Regards sur les marges invisibles d’une métropole en mouvement.
Cet ensemble de photographies, entamé en juillet 2025 sous un ciel systématiquement clair, porte le titre Habiter l’intervalle. Ce choix traduit l’exploration des zones de transition de la métropole bordelaise, ces espaces situés entre centre et périphérie, entre l’urbanité dense et les marges plus diffusées. Le titre s’inspire indirectement de l’ouvrage de Robert Adams The Place We Live. N’ayant pas trouvé d’équivalent pertinent en français, j’ai préféré opter pour une formulation plus conceptuelle, qui évoque à la fois l’espace géographique et l’état d’esprit propre à ces territoires. Ce travail s’inscrit dans la continuité de la série Banlieue (2022–2023), réalisée en petite couronne parisienne. Ici, le territoire exploré est celui de Bordeaux Métropole, avec un focus particulier sur ses zones périphériques : entre boulevards intérieurs, rives de la Garonne et rocade et portes d’entrées. L’ambition est de couvrir, à terme, l’ensemble des 28 communes qui composent la métropole.
Habiter l’intervalle adopte une approche documentaire subjective, fragmentaire et parfois ironique, qui interroge les notions de métropole, d’urbanité et d’architecture. Il s’agit de mettre en tension le banal et le symbolique, l’usuel et l’exceptionnel, en révélant les micro-récits de la ville contemporaine. À travers ces images, je développe une esthétique suburbaine attentive aux signes du quotidien et aux objets récurrents de l’espace public — panneaux, publicités, plantes, antennes GSM, blocs de béton, poteaux électriques, poubelles, logos… Ces éléments ne sont pas de simples objets fonctionnels ou accessoires. Ils composent une véritable grammaire visuelle, un langage silencieux mais dense qui structure l’espace et oriente le regard. À travers leurs formes, leurs couleurs, leur disposition répétée, ces signes ordonnent le territoire, créant des motifs récurrents qui traduisent l’identité fragile et mouvante des zones périphériques. La voiture, quant à elle, dépasse sa fonction utilitaire pour devenir un actant central de la scène urbaine. Par sa présence constante, elle participe à la composition visuelle et narrative de mes images. Véritable symbole de la mobilité, du quotidien et de la temporalité suburbaine, elle marque le rythme, rythme les cadrages et ponctue les paysages. Elle agit comme un lien tangible entre les habitants et leur environnement, incarnant à la fois la liberté et la contrainte liées à la vie en périphérie.
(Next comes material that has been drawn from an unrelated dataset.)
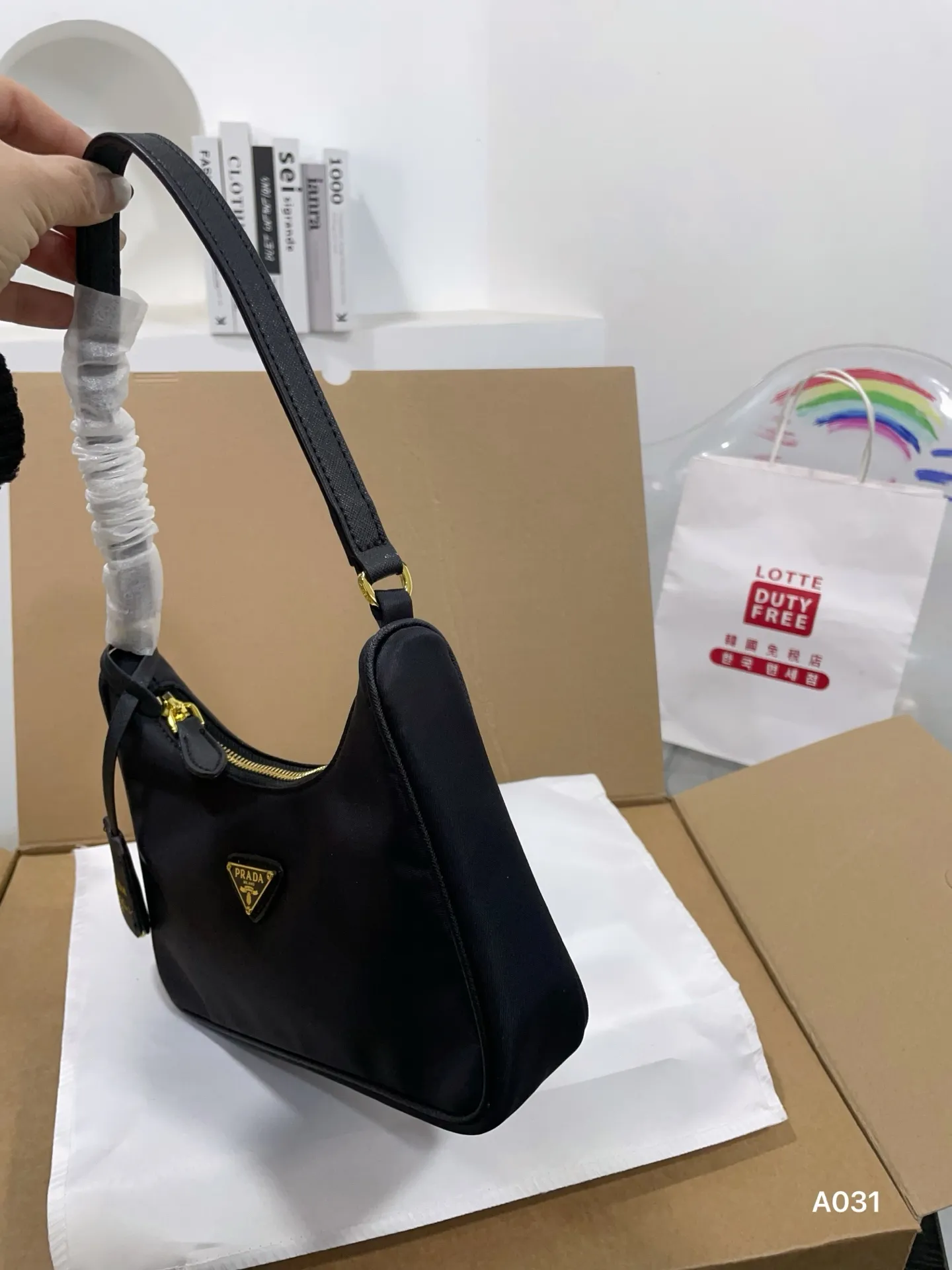 👑💰90配盒 普拉达Prada腋下包 复古优雅 满满的高级感 大小适中 容量感人031 休闲正装皆可轻松驾驭 尺寸22 12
Ainsi, ces objets et ces véhicules ne sont pas seulement des décors, mais des acteurs essentiels qui révèlent, par leur banalité même, les micro-récits et les dynamiques cachées de la ville contemporaine. Mon travail s’attache à déchiffrer cette grammaire invisible, à capter ces signes discrets pour en révéler la poésie et la complexité.
La présence humaine, ponctuelle mais jamais anecdotique, réintroduit la question du temps, et plus précisément de l’instant, dans une référence assumée à la notion d’« instant décisif » formulée par Henri Cartier-Bresson — non comme un dogme, mais comme une interrogation sur ce que signifie aujourd’hui photographier le réel.
Mon approche s’inspire également de plusieurs figures majeures de la photographie contemporaine qui, chacune à leur manière, nourrissent ma démarche :
Jeff Wall, pour la portée politique et sociale de son œuvre, sa capacité à construire des images-monde qui questionnent les réalités urbaines complexes.
Stephen Shore, pour sa liberté de regard sur la ville, oscillant entre banalité apparente et complexité.
William Eggleston, pour ses visions épiphaniques et déconcertantes qui révèlent la richesse chromatique et émotionnelle du banal, en magnifiant les scènes ordinaires avec une intensité singulière.
Ce projet propose un regard critique et sensible sur les marges métropolitaines. Il ne s’agit pas d’un inventaire, mais de faire émerger une atmosphère, une tension, une identité. Habiter l’intervalle questionne la manière dont les formes urbaines conditionnent nos usages, nos trajectoires et notre rapport à l’espace.